Aloha, Amigos! I can say is the finest tribute I have ever read of a California historian-librarian. Having it conceived, organized, and written in large part by a scholar’s scholarly son only adds to its value. Yes, Brian wrote with much love and feeling but as a professional archaeologist and historian, he did a massive amount of research and fact verification. I first met RHD when I worked in the Rare Book Department at the Huntington Library back in the early 1970s. I knew of his books and felt that I had just been introduced to a celebrity scholar. Over the decades I learned more about this amazing librarian-historian, shared many meals with him, and attended numerous meetings and conferences with him. However, when I read the manuscript of Brian’s book, and in particular, Brian’s eloquent biography, I was staggered. I kept saying to myself, “I had no idea he did so much.” Yes, he had an impressive career, but now I realize that RHD deserves to be on the Mount Olympus of scholarly bookmen. Brian deserves the highest possible praise for his tireless research in bringing to light the life of a true California hero. In addition, this thick hardbound volume is well-illustrated with photographs illustrating his storied life. RHD will not be forgotten!

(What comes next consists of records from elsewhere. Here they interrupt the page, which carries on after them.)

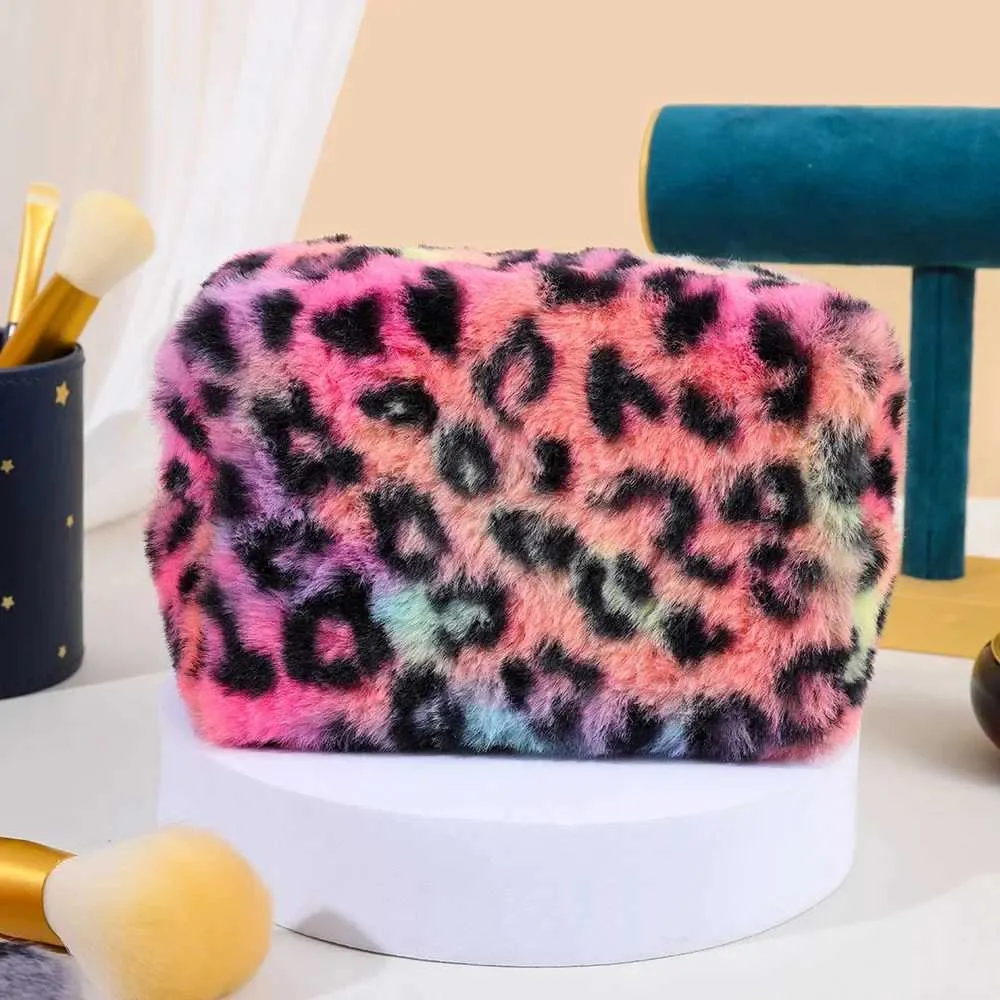 Leopardpels Blød Rejseorganisator Dame Makeuptaske Essentiel Håndtaske Y241023_voghion.com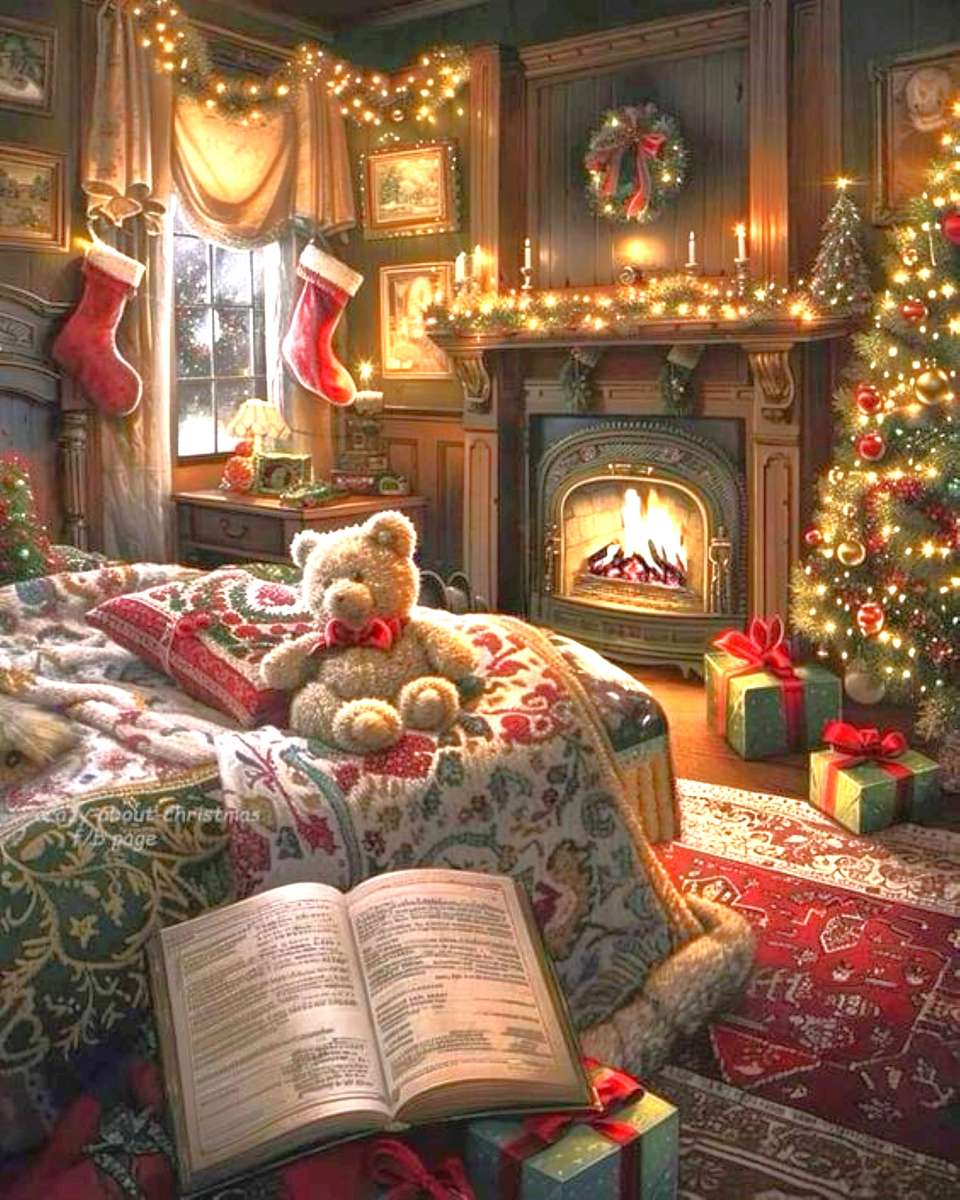 aspettare il Natale accanto al fuoco puzzle online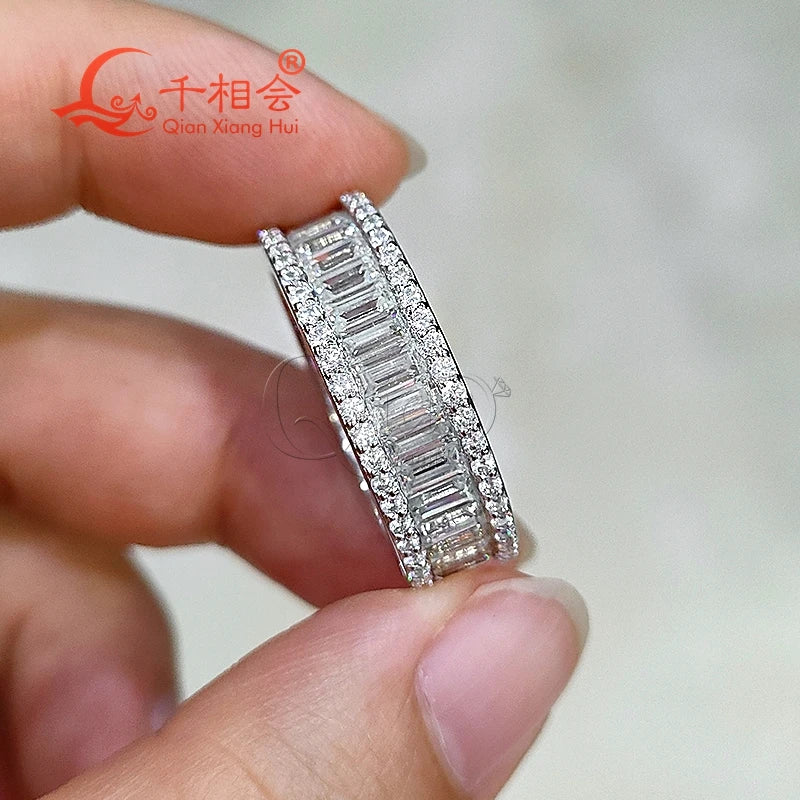 925 Sterling Silver Eternity Band Ring with 2*4mm Baguette And round Moissanite - Jewelry Engagement Ring for Ladies And Men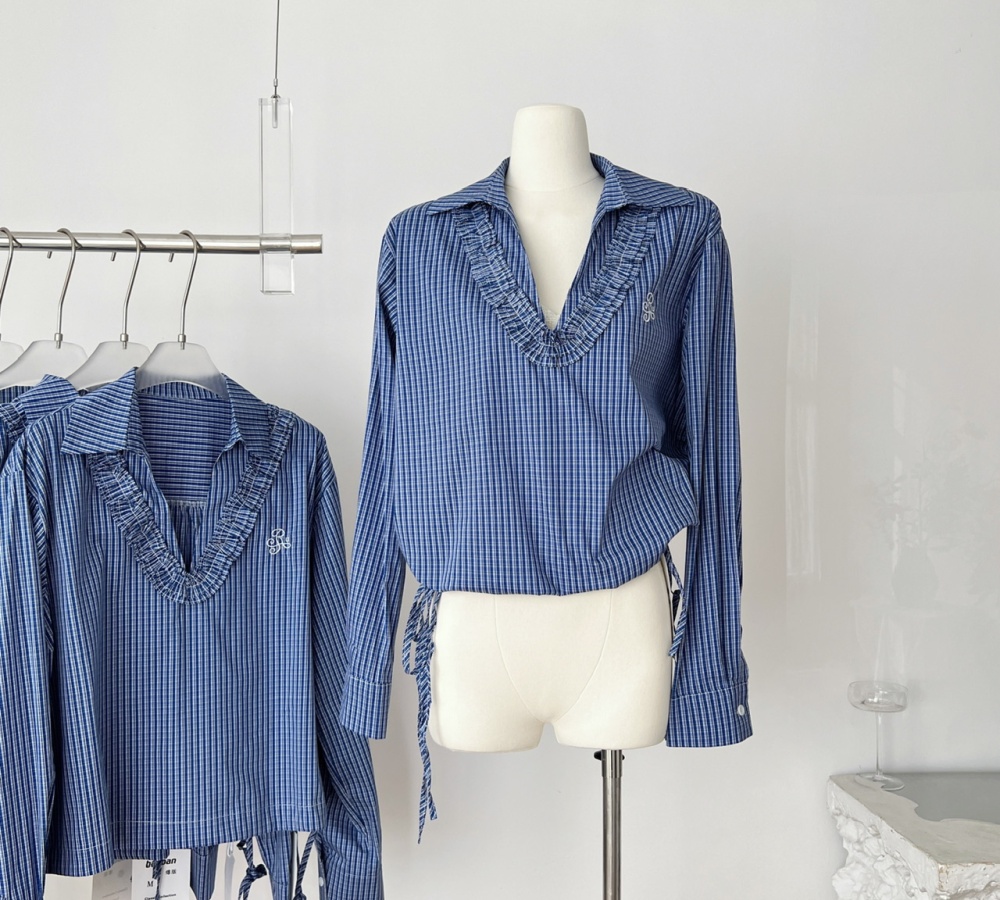 All-match spring and summer long sleeve slim shirt for women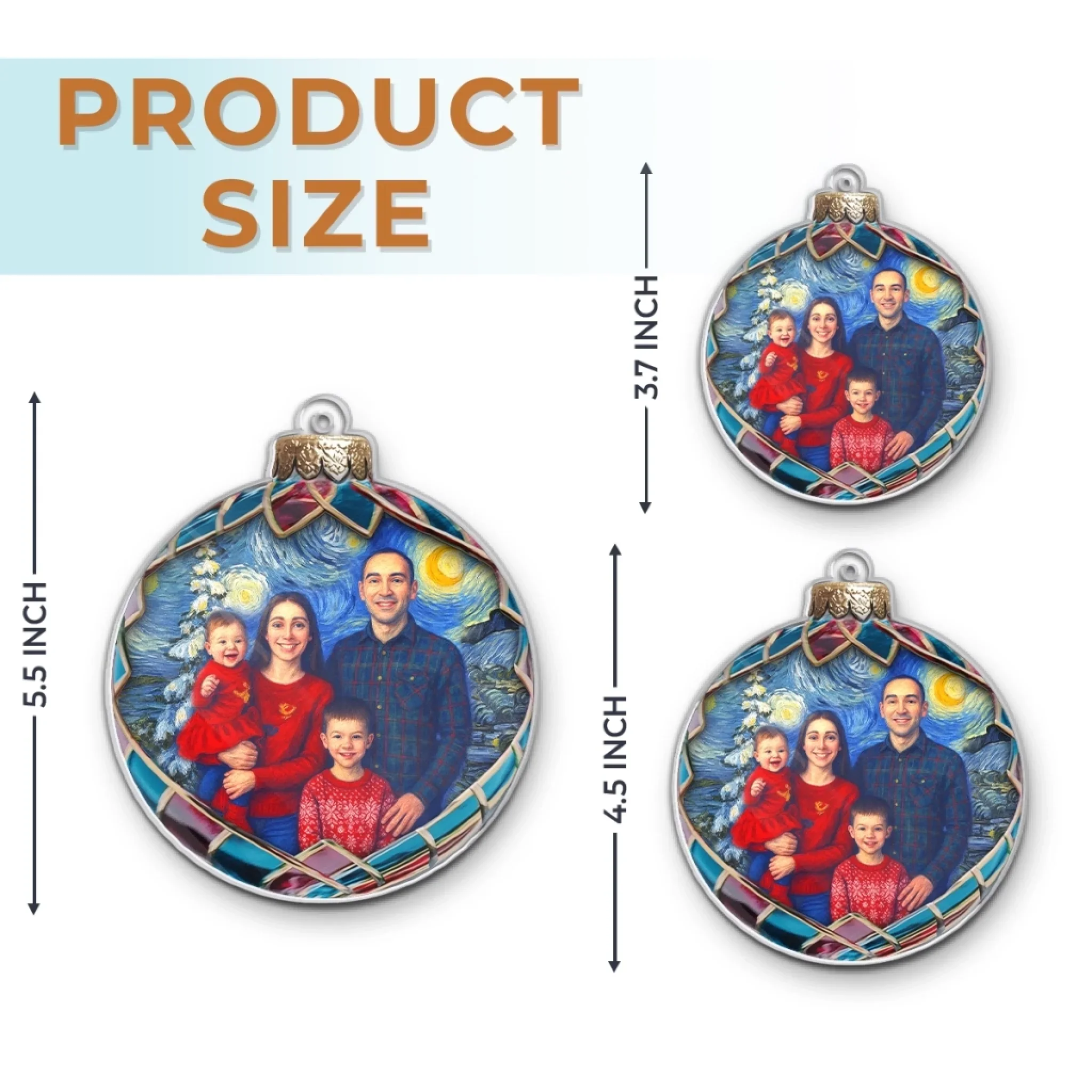 Custom Photo Acrylic Ornament - Personalized Christmas Birthday Gifts For Mom, Dad, Kids - Our Starry Christmas - Image 6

As such a strong force in the study of Western history, it seemed appropriate that the Los Angeles Corral of the Westerners publish this remarkable memorial. RHD was active in several corrals, and in 2003 Westerners International named him Living Legend № 46. Brian is a past sheriff of the Los Angeles Corral, and Brian’s son John Dillon, in keeping with his family heritage, is the publications editor of this dynamic corral. The Westerners is an international organization committed “to fun and scholarship in and about the American West.” It boasts over 4,000 members with sixty corrals (chapters) in the U.S. and twenty corrals abroad. Naturally, the organization takes delight in using Western vernacular names such as sheriff instead of president and keeper of the chips instead of treasurer. The LA Corral has published several significant books, and Aloha, Amigos! is Brand Book 24. The organization also publishes an outstanding quarterly with the catchy title of Buckskin Bulletin, and the Los Angeles Corral also publishes its own Quarterly, the Branding Iron, edited by Dick Dillon’s grandson John. Its next issue will be its 300th.

Copies of Aloha, Amigos! may be purchased from the Los Angeles Corral. The front dust jacket is a stunningly beautiful image created by noted Marin County artist Tom Killion. It is titled “Mt. Tamalpais from Bulkley Avenue, Sausalito.

The following is the order information.

Price for Westerners International members is $25.00, plus $5.00 for shipping within the U.S. Price for all others is $35.00, plus a $5.00 shipping charge for U.S. orders. Please make check out to Westerners, Los Angeles Corral, and send your order, with return address, to P.O. Box 1891, San Gabriel, CA, 91778. Need Additional information? Contact BB 24 Editor Brian D. Dillon. (briandervindillon@gmail.com).

This article came from Foundation Bulletin #129, pp. 22 to 26. See the foundation website (cslfdn.org) for more info.

ENDNOTES

1. The following biography of Brian Dillon is taken from the Aloha Amigos! The Richard H. Dillon Memorial Volume; Brand Book 24. Westerners International, Los Angeles Corral, 2020, pp. 581–582.

Brian Dervin Dillon is a fifth-generation Californian with Gold Rush ancestors. A Phi Beta Kappa and Fulbright Fellow, at age 25 Brian was the youngest-ever UC Berkeley Ph.D. in Archaeology. Dillon has done archaeology in California since 1972, in Guatemala and three other Central American countries since 1974. Widely published in Maya and California archaeology and in California history, Brian has taught and lectured at UC Berkeley, UCLA, UCLA Extension, CSU Long Beach, The Southwest Museum and for the California State Department of Forestry. He is the recipient of more than two dozen grants, fellowships and awards, and was just honored with his ninth consecutive Coke Wood Award for historical writing by Westerners International.

2. The papers of RHD are preserved and made accessible in the Department of Special Collections, University Library, University of California, Los Angeles (UCLA).